There are 7,500 varieties of apples grown throughout the world, and if you tried a new variety each day, it would take you 20 years to try them all.

Food Joke

I had just finished visiting a friend in the hospital and stopped by a burger drive-through for lunch to eat on the way back to work. I ordered the #1 combo for $4.29. She said "that'll be $4.83, please drive forward." "$4.83? For a $4.29 meal?

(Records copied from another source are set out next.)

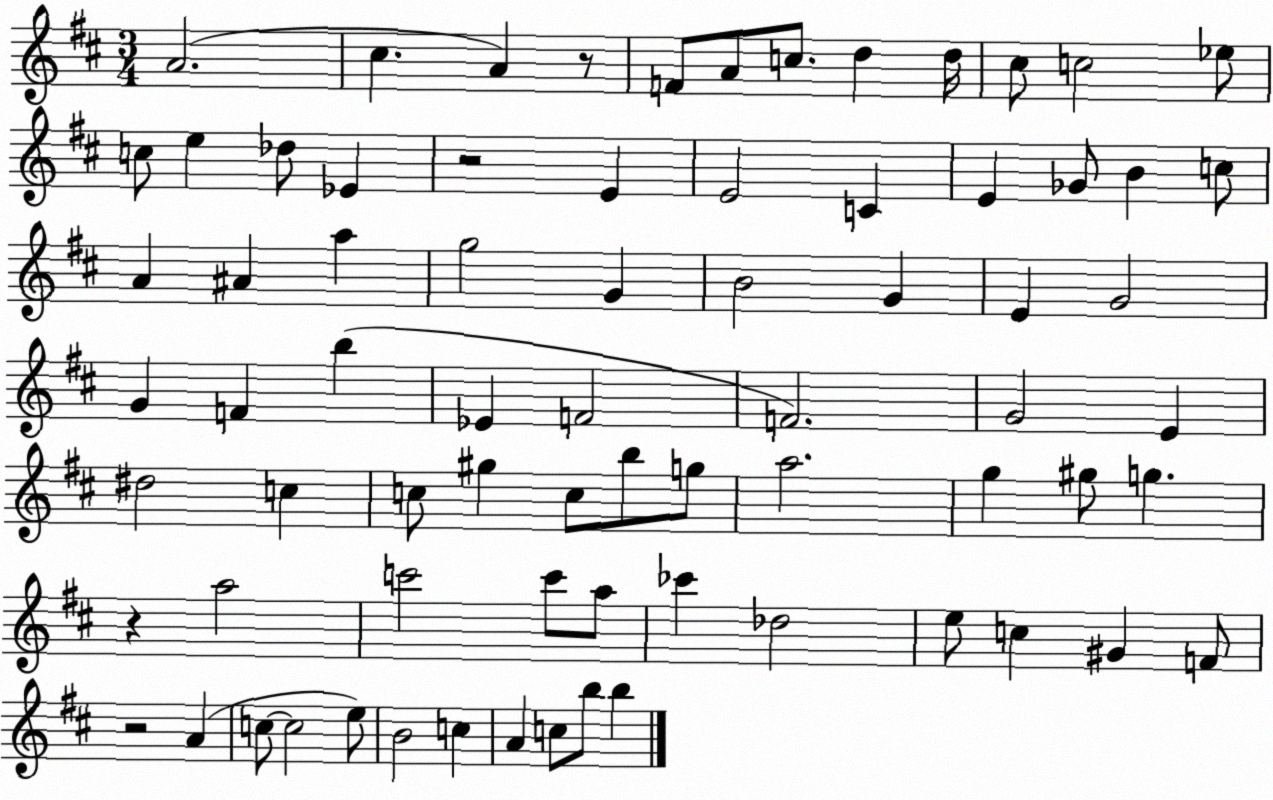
X:1
T:Untitled
M:3/4
L:1/4
K:D
A2 ^c A z/2 F/2 A/2 c/2 d d/4 ^c/2 c2 _e/2 c/2 e _d/2 _E z2 E E2 C E _G/2 B c/2 A ^A a g2 G B2 G E G2 G F b _E F2 F2 G2 E ^d2 c c/2 ^g c/2 b/2 g/2 a2 g ^g/2 g z a2 c'2 c'/2 a/2 _c' _d2 e/2 c ^G F/2 z2 A c/2 c2 e/2 B2 c A c/2 b/2 b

That's 54 cents tax!? That can't be right," my mind raced. Tax is 8 cents on the dollar in Huntsville, Alabama and for 4 dollars that would be 32 cents plus 1/3 of 8 cents would be 35 cents max. I'd heard of window workers overcharging drive through customers and skimming the money for themselves. Someone did just that to me at a Hardees couple of years ago. I didn't have my calculator watch so I got a pen and paper and did the long division since there were 2 cars ahead of me. Let's see ... 483/429 ... over 12 percent tax!? When I got to the window I handed her a 5 and said "what's the sales tax in Huntsville?" She didn't know. I said "$4.83 for a $4.29 meal is 12 percent tax. That can't be right. Can I talk to the manager?" She gave me my change and called the manager. So the manager comes over. I ask what the sales tax is in Huntsville, and she says 8 percent. I say that I just paid $4.83 for a $4.29 meal and that's over 12 percent sales tax. She got a funny look on her face and said that maybe the computer had rung it up wrong or had charged me for the biggie size . She admitted it was supposed to be 4.63, and opened the drawer to give me my extra change. "HA!" I thought to myself. "Six years engineering school has so heightened my mental mathematical adeptness that I can do percentages in my head and my superior intellect has foiled a feeble attempt by a drive-through worker to overcharge me!" So what did this mathematical wizard do next? I took the twenty cents she handed me, proud of my staggering genius, and smugly drove off without my food.